Les pitbulls ont été bannis de Winnipeg en 1990. Une étude réalisée par une chercheuse de l'Université du Manitoba démontre qu'entre 1984 et 2006, le nombre de personnes hospitalisées pour blessures graves après avoir été mordues par un chien a chuté dans la capitale manitobaine.

Des chiffres publiés par le National Post indiquent aussi que le nombre de morsures de chiens sur des humains a chuté de 22 % à Toronto entre 2005 et 2010. En 2005, la province de l'Ontario a banni cette race sur son territoire.

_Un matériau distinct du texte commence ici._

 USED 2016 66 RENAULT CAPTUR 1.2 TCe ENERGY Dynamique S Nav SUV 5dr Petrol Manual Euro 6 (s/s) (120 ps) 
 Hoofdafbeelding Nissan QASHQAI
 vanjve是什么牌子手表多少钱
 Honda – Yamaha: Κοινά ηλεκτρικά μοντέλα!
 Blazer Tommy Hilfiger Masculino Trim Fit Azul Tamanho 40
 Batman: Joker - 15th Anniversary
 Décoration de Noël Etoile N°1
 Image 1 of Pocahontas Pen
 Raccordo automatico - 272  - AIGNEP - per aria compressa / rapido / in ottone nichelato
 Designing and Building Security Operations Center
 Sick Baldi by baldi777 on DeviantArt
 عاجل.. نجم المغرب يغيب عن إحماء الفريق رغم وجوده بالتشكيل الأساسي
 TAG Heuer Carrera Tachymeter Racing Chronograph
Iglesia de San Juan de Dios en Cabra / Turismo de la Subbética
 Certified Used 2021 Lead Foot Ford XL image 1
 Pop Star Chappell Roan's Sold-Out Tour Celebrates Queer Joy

Les chiffres et statistiques peuvent parfois refléter des réalités différentes. Sur le territoire de la Ville d'Ottawa, le nombre d'appels faits à la Ville pour dénoncer une morsure de chien a fait un bond de 21 % entre 2001 et 2011.

Déplacer le problème

Pour le vice-président de la Société protectrice des animaux de Québec, Claude Martineau, bannir les pitbulls consisterait à déplacer le problème, tout simplement. Des chiens agressifs, il y en a de toutes les races, même s'il reconnaît que les propriétaires de pitbulls doivent faire preuve de davantage de vigilance. Certaines lignées de pitbulls ont été dressées pour attaquer et participer à des combats de chiens.

«Même si les pitbulls devaient être interdits, les gens qui veulent un chien agressif n'auront qu'à changer de race pour s'en procurer un. Si on interdit les pitbulls, les gens vont peut-être se sentir davantage en sécurité, mais le problème ne sera pas réglé pour autant.»

M. Martineau croit aussi que la réglementation actuelle de la Ville de Québec permet aux autorités d'intervenir rapidement auprès des gens propriétaires de chiens qui peuvent être considérés comme dangereux. Le règlement peut forcer un propriétaire de chien à adopter des mesures de protection supplémentaires afin de mieux protéger la population, et même à euthanasier la bête, lorsque le chien est considéré comme une cause perdue.